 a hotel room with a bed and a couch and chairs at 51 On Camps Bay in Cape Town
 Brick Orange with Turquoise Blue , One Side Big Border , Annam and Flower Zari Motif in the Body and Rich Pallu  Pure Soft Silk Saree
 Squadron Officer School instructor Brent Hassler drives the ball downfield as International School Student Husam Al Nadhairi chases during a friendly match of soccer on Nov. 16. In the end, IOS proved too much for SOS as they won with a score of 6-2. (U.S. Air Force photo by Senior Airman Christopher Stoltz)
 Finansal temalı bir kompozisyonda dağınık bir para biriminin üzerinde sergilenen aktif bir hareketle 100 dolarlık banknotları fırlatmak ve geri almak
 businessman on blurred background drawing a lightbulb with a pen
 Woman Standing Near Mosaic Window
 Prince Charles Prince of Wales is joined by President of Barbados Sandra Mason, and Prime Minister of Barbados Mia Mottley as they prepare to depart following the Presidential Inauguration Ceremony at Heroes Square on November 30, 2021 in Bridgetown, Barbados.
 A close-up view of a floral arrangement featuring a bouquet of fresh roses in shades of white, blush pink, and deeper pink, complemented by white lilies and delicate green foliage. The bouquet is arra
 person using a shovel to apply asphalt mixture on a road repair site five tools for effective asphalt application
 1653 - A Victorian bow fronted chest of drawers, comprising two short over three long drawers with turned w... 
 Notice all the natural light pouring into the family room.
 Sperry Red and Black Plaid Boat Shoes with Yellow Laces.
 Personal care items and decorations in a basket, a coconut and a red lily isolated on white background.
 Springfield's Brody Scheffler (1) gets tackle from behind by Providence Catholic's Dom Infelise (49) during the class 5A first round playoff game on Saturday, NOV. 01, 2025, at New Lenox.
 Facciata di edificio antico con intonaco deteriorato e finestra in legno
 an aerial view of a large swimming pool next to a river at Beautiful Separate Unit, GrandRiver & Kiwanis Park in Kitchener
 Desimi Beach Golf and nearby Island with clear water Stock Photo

+ + + +

▶ [PROBLEM TO WORK ON] Copy down the whole of the data above, matching it exactly.

▶ [EXERCISE SOLUTION]
 a hotel room with a bed and a couch and chairs at 51 On Camps Bay in Cape Town
 Brick Orange with Turquoise Blue , One Side Big Border , Annam and Flower Zari Motif in the Body and Rich Pallu  Pure Soft Silk Saree
 Squadron Officer School instructor Brent Hassler drives the ball downfield as International School Student Husam Al Nadhairi chases during a friendly match of soccer on Nov. 16. In the end, IOS proved too much for SOS as they won with a score of 6-2. (U.S. Air Force photo by Senior Airman Christopher Stoltz)
 Finansal temalı bir kompozisyonda dağınık bir para biriminin üzerinde sergilenen aktif bir hareketle 100 dolarlık banknotları fırlatmak ve geri almak
 businessman on blurred background drawing a lightbulb with a pen
 Woman Standing Near Mosaic Window
 Prince Charles Prince of Wales is joined by President of Barbados Sandra Mason, and Prime Minister of Barbados Mia Mottley as they prepare to depart following the Presidential Inauguration Ceremony at Heroes Square on November 30, 2021 in Bridgetown, Barbados.
 A close-up view of a floral arrangement featuring a bouquet of fresh roses in shades of white, blush pink, and deeper pink, complemented by white lilies and delicate green foliage. The bouquet is arra
 person using a shovel to apply asphalt mixture on a road repair site five tools for effective asphalt application
 1653 - A Victorian bow fronted chest of drawers, comprising two short over three long drawers with turned w... 
 Notice all the natural light pouring into the family room.
 Sperry Red and Black Plaid Boat Shoes with Yellow Laces.
 Personal care items and decorations in a basket, a coconut and a red lily isolated on white background.
 Springfield's Brody Scheffler (1) gets tackle from behind by Providence Catholic's Dom Infelise (49) during the class 5A first round playoff game on Saturday, NOV. 01, 2025, at New Lenox.
 Facciata di edificio antico con intonaco deteriorato e finestra in legno
 an aerial view of a large swimming pool next to a river at Beautiful Separate Unit, GrandRiver & Kiwanis Park in Kitchener
 Desimi Beach Golf and nearby Island with clear water Stock Photo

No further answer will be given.